The first thing that catches me when I watch the film In A Straight Line is that Stacie B. London’s nail polish isn’t scratched or chipped. The film opens with her wrenching on a 1967 Harley Davidson Aermacchi, and those red-hot nails—like fast cars and stilettos—are flawless. This, however, is no indication that the vintage car racer is faking it. As she tells viewers: “I need to work on my bike; I don’t have anybody else to work on it.”
Stacie goes on to explain the sizing of pistons and other inner workings and maintenance I’ve always wanted to know about my own bike but shamefully don’t.
Stacie’s beloved bike, in contrast to her nails, does have scratches, dings, and chips—a patina that speaks of a lifetime spent chasing speed records. The film winds a heartwarming story around Stacie’s notable attempt at a land-speed record on the Bonneville Salt Flats in Utah.
It’s hard to choose who to love more while watching In A Straight Line: the bike or Stacie herself? Both are personable, hearty characters. Both strive to take care of the other. As the 28-minute movie continues, I wonder who Stacie loves more: her Harley, nicknamed the Triple Nickle, or the cute little black dog, who gets a lot of screen time.
Then there’s the admirable Ralph Hudson. At 69 years old, Ralph still held the FIM World Record as the fastest person to ride a non-streamliner motorcycle, clocking 297 mph. His presence at the beginning of the film is subtle, but as the two work together in his garage, the quietness between them shows the trust of a long, respected friendship.
Stacie started going to land-speed events with Ralph in 2012. It was Ralph who mentored her as a racer, helping her repair and maintain her bike, along with fostering other disciplines a competitive rider needs to learn. Stacie credits Ralph for one of her most important lessons: learning how to deal with defeat.
“Racing is all about disappointment,” she says. “Once you realize [that], it sort of removes disappointment as a thing; of something to be sad about, or something to give energy to, or something even to waste your time on.”
The screen switches to the Bonneville Flats. We’re about to see Stacie race. She shows some anticipation and nervousness, but only if you really look hard. Otherwise, she’s pretty flippin’ cool for someone who’s positioning to break more than just speed barriers.

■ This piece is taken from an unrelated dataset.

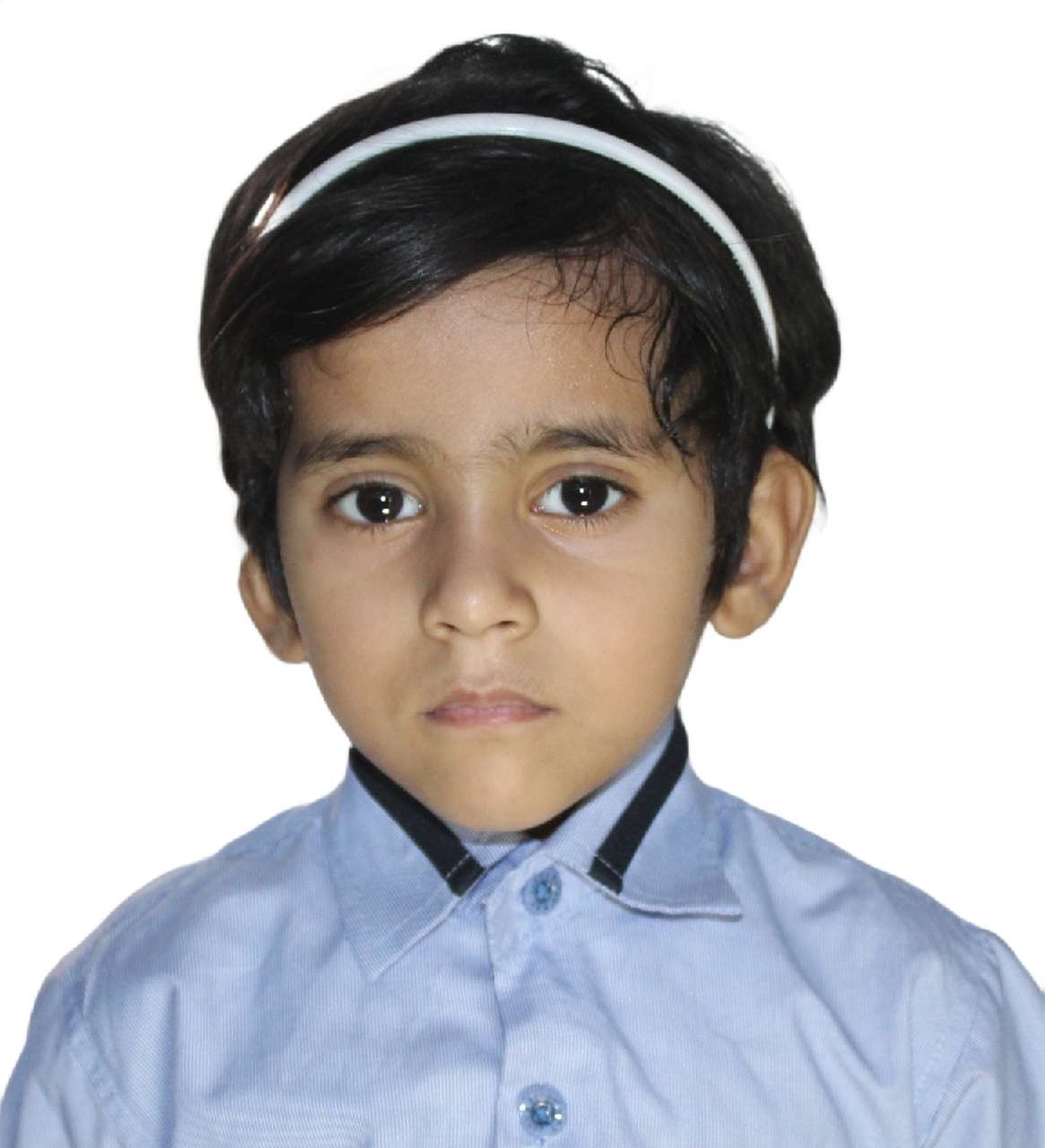 Delhi Public School Rudrapur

“The record is really important to me because it’s a sign of achievement that you’ve done something really well. Being part of an event that’s 70 years old, being a woman that has built my own machinery—yeah, it’s a really big deal.”
On the first day, Stacie qualifies for a record with her speed of 87.668 mph on the Triple Nickle. The small-displacement Aermacchi—produced after World War II to fill the need for cheap, efficient transportation—was only designed to go 60-65 mph. Through working on the bike, Stacie was able to take her Harley to Bonneville and reach much higher speeds.

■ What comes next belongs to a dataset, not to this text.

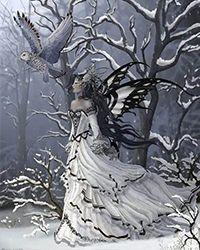 斗罗大陆二绝世唐门漫画免费观看完整版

On race day, the Triple Nickle doesn’t start. The run needs to be made early when it’s cooler because the bike will run better. Finally, it comes to life. Stacie doesn’t have time to look deeper into the feeling she has that something’s not right. She takes off. A camera mounted to her bike makes me suck air through my teeth when Stacie goes into a terrifying speed-wobble. I worry I’m about to see her crash.
There will be no spoiler alert. You’ll have to watch the film to find out what’s next, but I will say there’s a sad bit at the end.
One of my favorite parts of the film is when Stacie’s friend says he’s envious of her; that he has to go to work but she’s “off going racing. It’s something we all want to do as boys to men. We all want to get on a bike or a car and race. She’s out there doing it.”
Respect and admiration increase the longer I watch Stacie’s confidence and comfort-in-her-own-skin kind of vibe throughout the film. But of all the inspiration I find watching In A Straight Line, the most poignant message I’m left with circles back to her words at the beginning:
“Once you accept that it’s going to be all about disappointment, then the disappointments are easier to deal with.”
I know she’s talking about racing, but I’d bet money Stacie B. London handles letdowns and successes alike with the grace and humility that comes through in In A Straight Line.